Let's see what zones are available and what are the currently applied zone.

[root@CentOS]# firewall-cmd --get-zones 
 work drop internal external trusted home dmz public block

[root@CentOS]# firewall-cmd --get-default-zone 
public
[root@CentOS]#

Ready to add some customized rules in firewalld?

First, let's see what our box looks like, to a portscanner from outside.
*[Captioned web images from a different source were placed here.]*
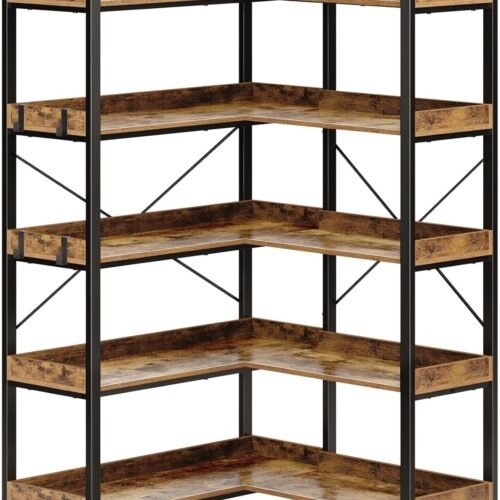 Rolanstar Bookshelf 5 Tier with 4 Hooks, Reversible Corner Bookshelf, 65" Industrial Wooden Bookcase with Open Shelves and Metal Frame for Living Room, Bedroom, Home Office, Rustic Brown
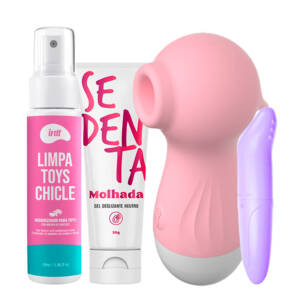 Kit Prazer & Cuidado – Sugador de Clitóris + Vibrador + Limpa Toys Intt + Gel Sedenta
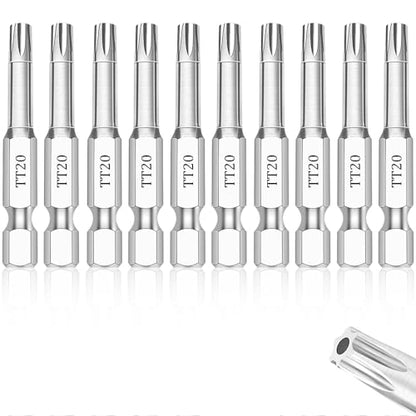T20 Torx Bits(10-Pack 2 Inch), 1/4 Inch Hex Shank S2 Steel Magnetic Security Tamper Proof star 6 Point Screwdriver bit set - style: TT20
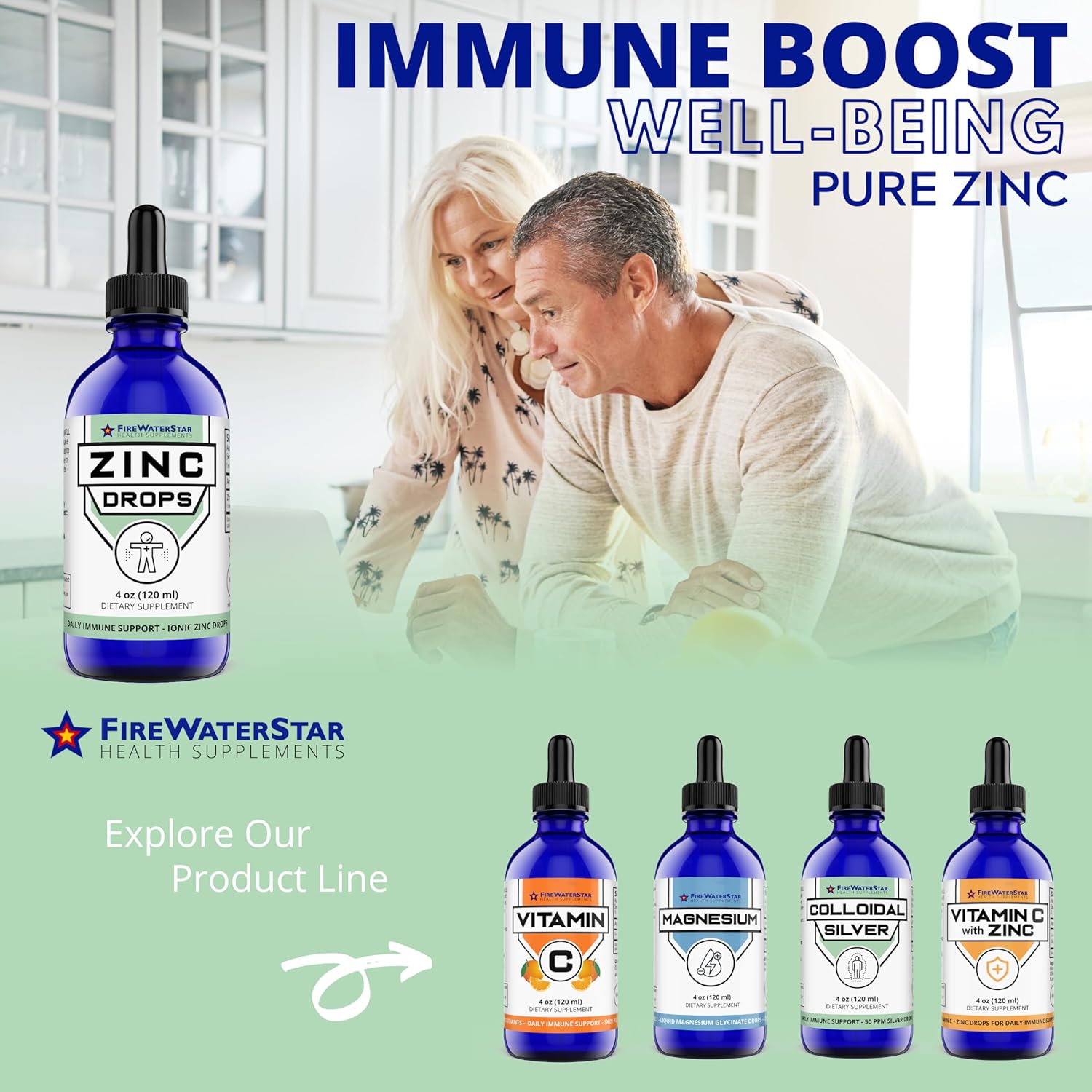 Organic Liquid Zinc Supplement Drops - 45mg Immune Support for Adults & Kids - Non-GMO Vegan Health Supplements - Boost Immunity, Skin Health, Wellness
bash-3.2# nmap -sS -p 1-1024 -T 5  10.211.55.1
 
Starting Nmap 7.30 ( https://nmap.org ) at 2017-01-27 23:36 MST 
Nmap scan report for centos.shared (10.211.55.1) 
Host is up (0.00046s latency). 
Not shown: 1023 filtered ports 
PORT   STATE SERVICE 
22/tcp open  ssh


Nmap done: 1 IP address (1 host up) scanned in 3.71 seconds 
bash-3.2#

Let's allow the incoming requests to port 80.
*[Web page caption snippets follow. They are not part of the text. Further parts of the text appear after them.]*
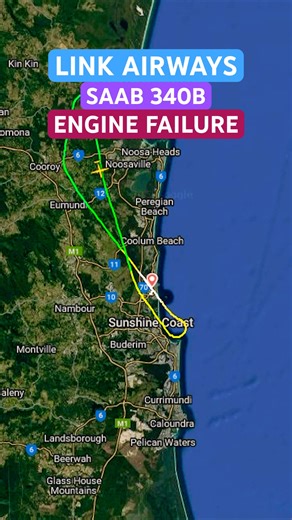 Link Airways Saab 340 Emergency Return to Sunshine Coast #aviation #enginefailure #saab340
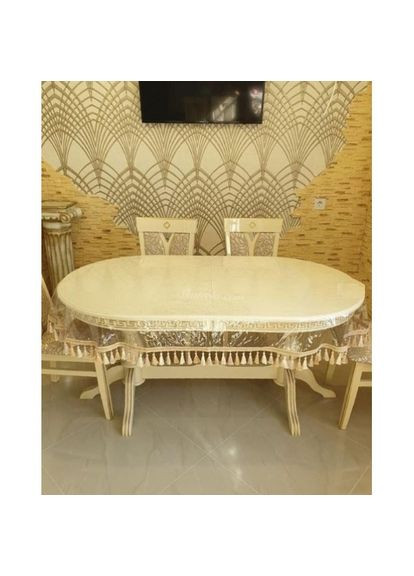 Силіконова скатертина СALIPSO з Бежевою Бахромою 170x90см Calipso (313288350)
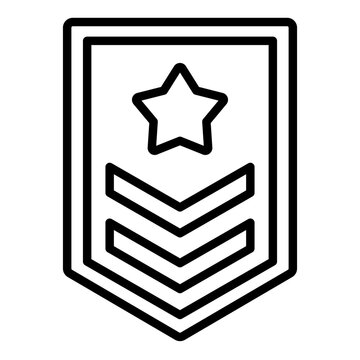 rank outline icon. shield badge with star and chevron. military achievement honor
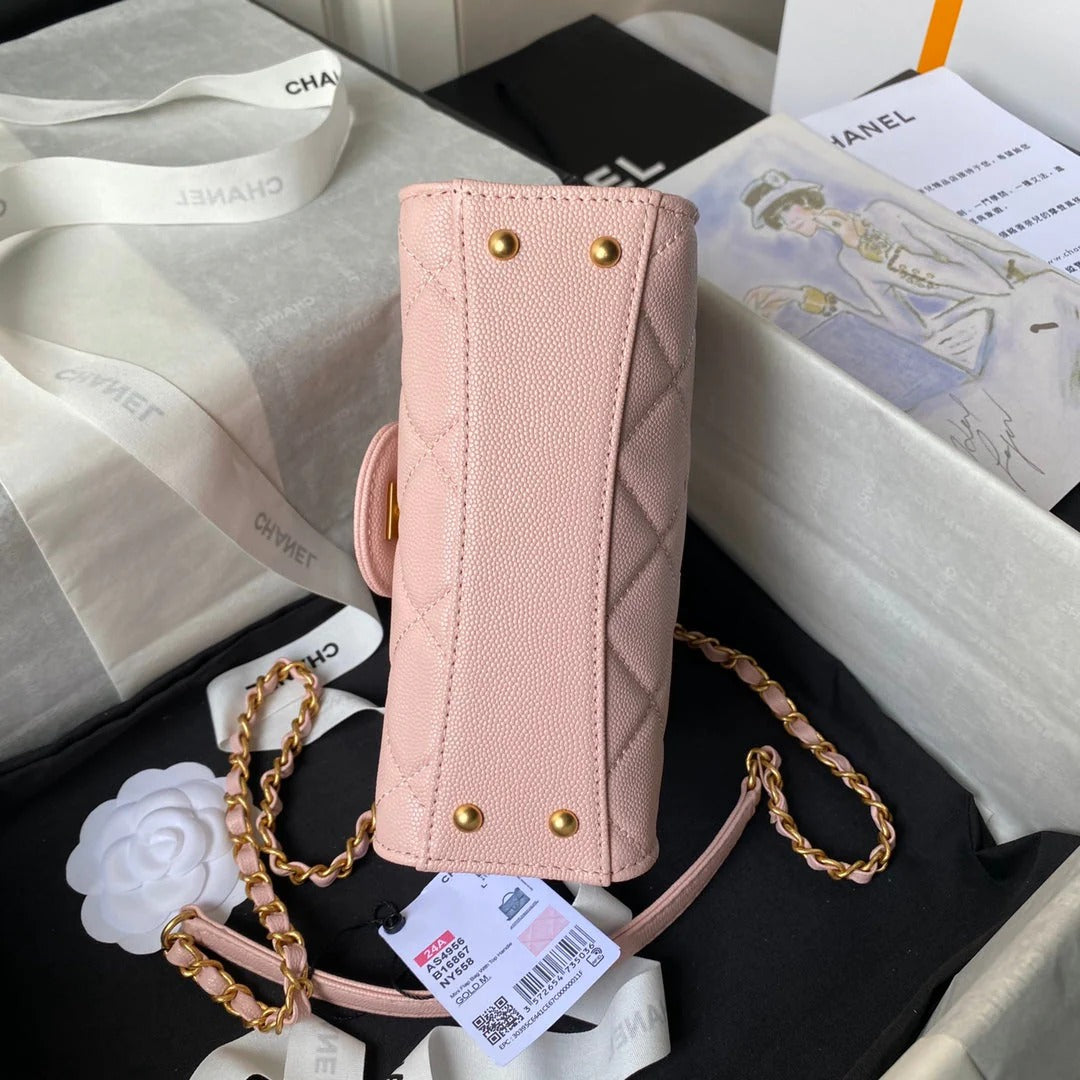 CC  25S FLAP BAG 18 CM IN LIGHT PINK GRAINED LAMBSKIN WITH TOP HANDLE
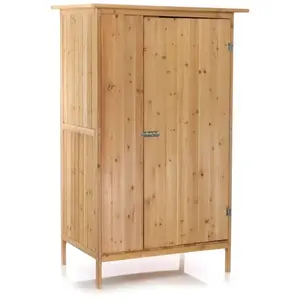 WILTEC Armoire de jardin Porte simple Bois Rangement pour Outils Remise Abri Cabane Jardinage Équipement pas cher
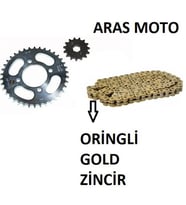 Bajaj Discover 125 ST Oringli Zincir Dişli Seti Kaliteli (GOLD ZİNCİR) Arasmoto (Siyah)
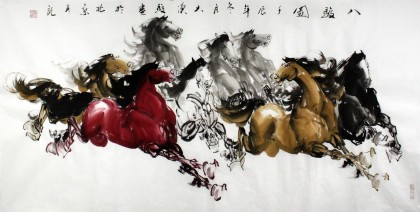 【已售】黄江四尺骏马图《八骏图》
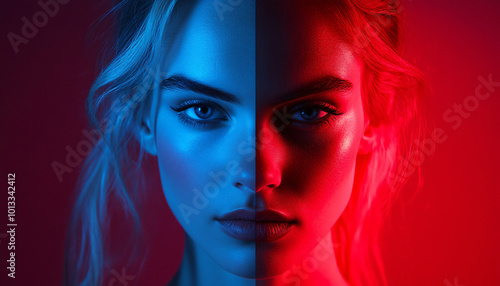 Use two different colored light sources from opposite sides to create a dramatic split lighting effect on the subject's face, where one half is in one color and the other half in a contrasting hue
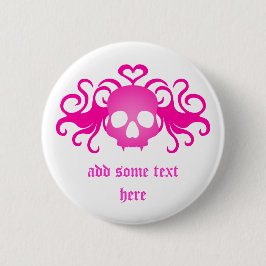 Pink Goth Skull Button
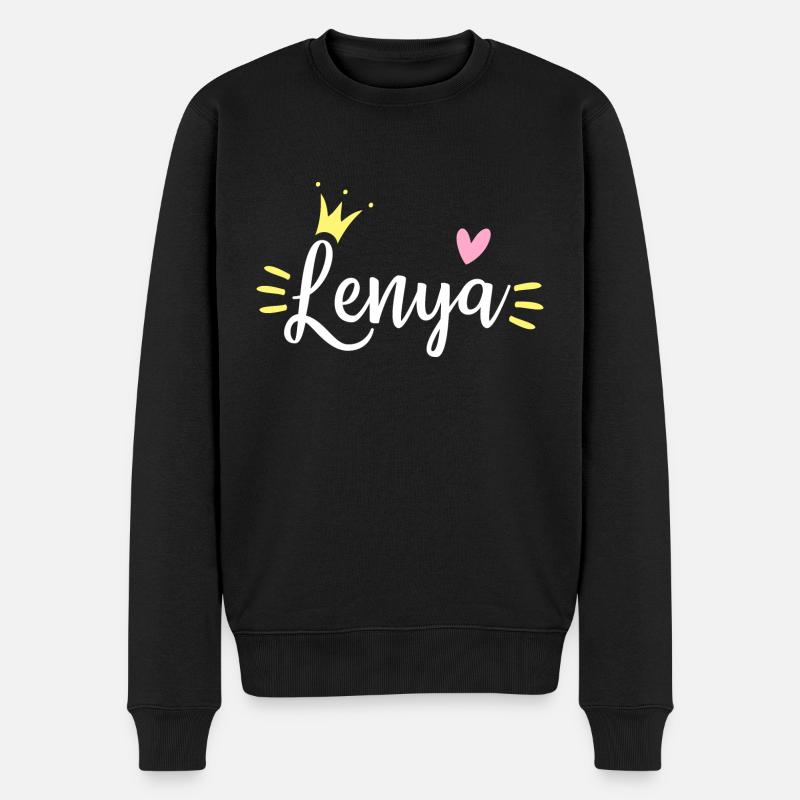 Couronne de nom Lenya - Pull Premium bio Homme - noir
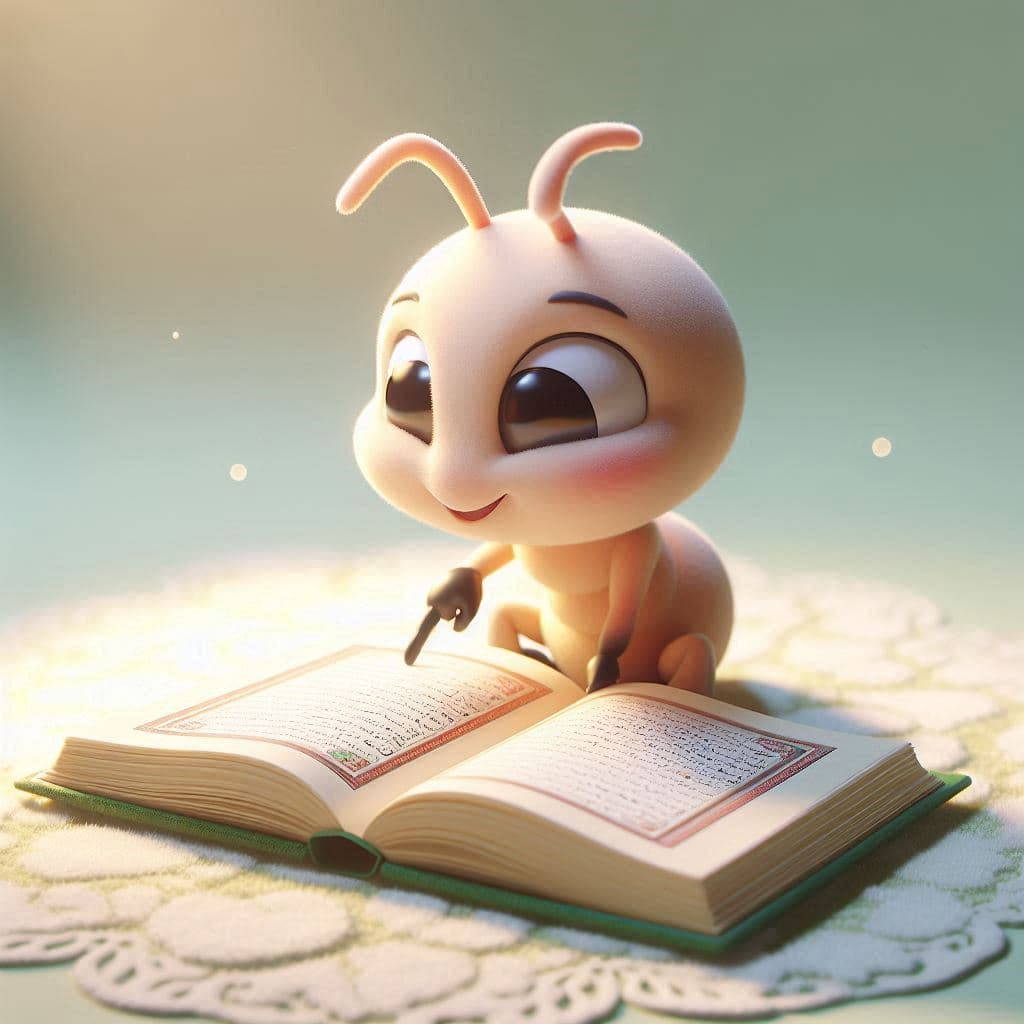 Cute 3D ant character sitting on an open Quran pointing to an Ayah.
First, check to see what zone is applied as default.

[root@CentOs]# firewall-cmd --get-default-zone 
public
[root@CentOS]#

Then, set the rule allowing port 80 to the current default zone.

[root@CentOS]# firewall-cmd --zone=public --add-port = 80/tcp 
success
[root@CentOS]#

Now, let's check our box after allowing port 80 connections.

bash-3.2# nmap -sS -p 1-1024 -T 5  10.211.55.1

Starting Nmap 7.30 ( https://nmap.org ) at 2017-01-27 23:42 MST 
Nmap scan report for centos.shared (10.211.55.1) 
Host is up (0.00053s latency). 
Not shown: 1022 filtered ports 
PORT   STATE  SERVICE 
22/tcp open   ssh 
80/tcp closed http

Nmap done: 1 IP address (1 host up) scanned in 3.67 seconds 
bash-3.2#

It now allows unsolicited traffic to 80.

Let's put the default zone to drop and see what happens to port scan.

[root@CentOS]# firewall-cmd --set-default-zone=drop 
success

[root@CentOS]# firewall-cmd --get-default-zone 
drop

[root@CentOs]#

Now let's scan the host with the network interface in a more secure zone.

bash-3.2# nmap -sS -p 1-1024 -T 5  10.211.55.1 
Starting Nmap 7.30 ( https://nmap.org ) at 2017-01-27 23:50 MST 
Nmap scan report for centos.shared (10.211.55.1) 
Host is up (0.00094s latency). 
All 1024 scanned ports on centos.shared (10.211.55.1) are filtered

Nmap done: 1 IP address (1 host up) scanned in 12.61 seconds 
bash-3.2#

Now, everything is filtered from outside.

As demonstrated below, the host will not even respond to ICMP ping requests when in drop.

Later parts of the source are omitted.